VMware Tanzu Application Service, previously known as Pivotal Cloud Foundry, is a popular platform for building cloud-native applications.

VMware Aria Operations for Applications (formerly known as Tanzu Observability by Wavefront) is a cloud-hosted service for full-featured observability. When you Tanzu Application Service to send data to the Wavefront proxy, you can take advantage of preconfigured dashboards, clone and customize dashboards, and more.

Product Snapshot

Version, Release Date v4.1, May 2022
Compatible Ops Manager versions v2.10 and later
Compatible Tanzu Application Service versions v2.11 and later
IaaS support AWS, Azure, GCP, OpenStack, and vSphere

Videos

Watch these videos to get started. Note that the videos were created in 2022 and some of the information in them might have changed. They also use the 2022 version of the UI.

TAS Monitoring and Alerting



This 60-second video gives an overview of the architecture, installation process, and benefits of the integration for Tanzu Application Service.

You can also watch the video in this playlist here video camera icon.

Integrating TAS: How to Get Started



This video is a complete walk-through of the steps required to get your data flowing from Tanzu Application Service to Tanzu Observability. You learn how to set up the nozzle in Ops Manager, how to get data flowing, and how you can view your data in preconfigured Tanzu Observability dashboards.

You can also watch the video in the Tanzu Observability Integrations playlist here video camera icon.

Process Overview

We’ve streamlined the getting started process so it involves a few simple steps – some are performed in Tanzu Ops Manager, and some in the Wavefront GUI.

4 steps below shown in an image. First 2 are purple, pivotal, next 2 are blue, wavefront.

  1. Download the Tanzu Observability by Wavefront nozzle file from the Tanzu Network
  2. In Tanzu Ops Manager, install, configure, and deploy the nozzle. At a minimum:
    1. In the Wavefront Proxy Config section, specify the Operations for Applications instance, authentication credentials, and a user-friendly host name.

      OpsMan Proxy Config tab with the 3 required items highlighted

    2. In the Telegraf Agent Config section, specify the Foundation name.

      See Ops Manager: Install, Configure, and Deploy the Nozzle and Tanzu Application Service to Tanzu Observability FAQs After you complete nozzle deployment, metrics are flowing from Tanzu Application Service to the Wavefront proxy and from there to your Wavefront instance. See Data Flow below.

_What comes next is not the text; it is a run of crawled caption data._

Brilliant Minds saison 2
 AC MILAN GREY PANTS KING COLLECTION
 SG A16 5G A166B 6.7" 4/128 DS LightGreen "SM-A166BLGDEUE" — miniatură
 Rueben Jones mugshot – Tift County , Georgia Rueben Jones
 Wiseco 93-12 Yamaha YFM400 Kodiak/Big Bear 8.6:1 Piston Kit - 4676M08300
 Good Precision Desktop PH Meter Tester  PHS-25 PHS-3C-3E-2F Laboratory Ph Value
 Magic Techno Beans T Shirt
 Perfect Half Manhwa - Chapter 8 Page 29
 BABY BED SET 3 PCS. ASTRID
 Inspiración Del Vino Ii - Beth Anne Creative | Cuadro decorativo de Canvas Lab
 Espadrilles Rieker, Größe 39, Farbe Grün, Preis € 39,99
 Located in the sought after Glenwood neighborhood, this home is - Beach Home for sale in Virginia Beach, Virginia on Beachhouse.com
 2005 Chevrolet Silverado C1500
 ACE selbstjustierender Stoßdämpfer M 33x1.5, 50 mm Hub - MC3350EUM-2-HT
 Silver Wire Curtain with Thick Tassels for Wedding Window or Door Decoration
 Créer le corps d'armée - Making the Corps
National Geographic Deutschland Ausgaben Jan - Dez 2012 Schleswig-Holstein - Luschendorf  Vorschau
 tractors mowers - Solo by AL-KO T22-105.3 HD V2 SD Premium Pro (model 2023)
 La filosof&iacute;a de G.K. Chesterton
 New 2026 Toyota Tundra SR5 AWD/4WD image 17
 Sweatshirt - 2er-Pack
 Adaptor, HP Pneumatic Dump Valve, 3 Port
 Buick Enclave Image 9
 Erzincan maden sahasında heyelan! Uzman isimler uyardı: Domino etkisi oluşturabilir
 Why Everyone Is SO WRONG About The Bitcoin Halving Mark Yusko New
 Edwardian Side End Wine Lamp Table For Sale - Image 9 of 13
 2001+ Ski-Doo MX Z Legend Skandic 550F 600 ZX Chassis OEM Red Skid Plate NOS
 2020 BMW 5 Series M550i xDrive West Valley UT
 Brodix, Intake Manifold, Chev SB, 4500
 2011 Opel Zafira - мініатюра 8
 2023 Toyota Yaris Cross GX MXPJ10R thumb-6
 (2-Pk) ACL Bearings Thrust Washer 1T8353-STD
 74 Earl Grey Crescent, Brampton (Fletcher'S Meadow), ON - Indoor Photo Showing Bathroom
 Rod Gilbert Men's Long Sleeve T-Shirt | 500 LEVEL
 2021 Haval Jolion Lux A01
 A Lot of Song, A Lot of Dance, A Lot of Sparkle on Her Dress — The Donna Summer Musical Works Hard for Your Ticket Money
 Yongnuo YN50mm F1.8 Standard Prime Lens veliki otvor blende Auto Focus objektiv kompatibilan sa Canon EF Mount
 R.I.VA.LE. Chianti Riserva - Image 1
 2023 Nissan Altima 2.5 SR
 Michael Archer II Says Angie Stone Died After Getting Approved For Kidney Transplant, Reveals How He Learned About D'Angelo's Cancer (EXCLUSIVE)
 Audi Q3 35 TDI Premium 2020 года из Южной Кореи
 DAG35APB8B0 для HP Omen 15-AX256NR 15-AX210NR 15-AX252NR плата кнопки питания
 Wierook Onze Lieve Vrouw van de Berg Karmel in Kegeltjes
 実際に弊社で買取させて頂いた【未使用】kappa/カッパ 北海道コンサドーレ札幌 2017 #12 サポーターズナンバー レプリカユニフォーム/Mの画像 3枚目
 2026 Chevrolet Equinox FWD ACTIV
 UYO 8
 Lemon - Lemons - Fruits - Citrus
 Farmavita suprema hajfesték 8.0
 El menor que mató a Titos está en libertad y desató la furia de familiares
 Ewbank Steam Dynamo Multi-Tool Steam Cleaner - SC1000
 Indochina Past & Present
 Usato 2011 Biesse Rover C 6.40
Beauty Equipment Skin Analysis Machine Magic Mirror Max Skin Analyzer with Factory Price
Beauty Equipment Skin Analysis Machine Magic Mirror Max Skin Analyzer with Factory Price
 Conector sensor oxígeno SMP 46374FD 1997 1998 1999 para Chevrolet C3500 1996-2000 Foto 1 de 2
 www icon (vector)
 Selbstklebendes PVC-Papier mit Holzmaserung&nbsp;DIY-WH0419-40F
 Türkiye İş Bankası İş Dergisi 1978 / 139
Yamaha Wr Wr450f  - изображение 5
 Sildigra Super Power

  3. Log in to your Wavefront instance and confirm that metrics are flowing:
    1. Click Integrations in the toolbar, search for Tanzu Application Service, and select the integration.
    2. Click the Metrics tab and confirm metrics are flowing.
  4. With the integration selected, click the Dashboards tab.
    1. Select from the set of predefined dashboards, which are modeled on the corresponding Healthwatch dashboards but have additional options. For example, you can examine multiple foundations from one dashboard.
    2. Explore one or two dashboards. Examine Data with Dashboards and Charts has an overview and includes a video.
    3. As appropriate, clone any of the existing dashboards to add charts, modify queries, and more. See Create, Customize, and Optimize Dashboards and Create and Customize Charts

Architecture and Data Flow

Here’s an overview of the flow of data from the Tanzu Application Service Firehose through the nozzle to the Wavefront service. The nozzle consists of these main components:

  • Healthwatch Exporters: Exporters are deployed as VMs.
  • Telegraf: An open source, lightweight server process for collecting, processing, and aggregating metrics.
  • Wavefront Proxy: Ingests metrics and forwards them to the Wavefront service in a secure, fast, and reliable manner

Here’s the data pipeline:

  1. The Healthwatch Exporter VMs stream metrics from the Tanzu Application Service Firehose. The tile creates a VM for each Healthwatch exporter, a VM for Telegraf, and a VM for the Wavefront proxy.
  2. Telegraf scrapes the VMs at a predefined interval, and converts them to Wavefront data format. Telegraf uses a built-in plugin. It uses the Wavefront Go SDK to convert the data.
  3. Next, Telegraf sends the data to the Wavefront proxy.
  4. The proxy send the metrics to the Wavefront service.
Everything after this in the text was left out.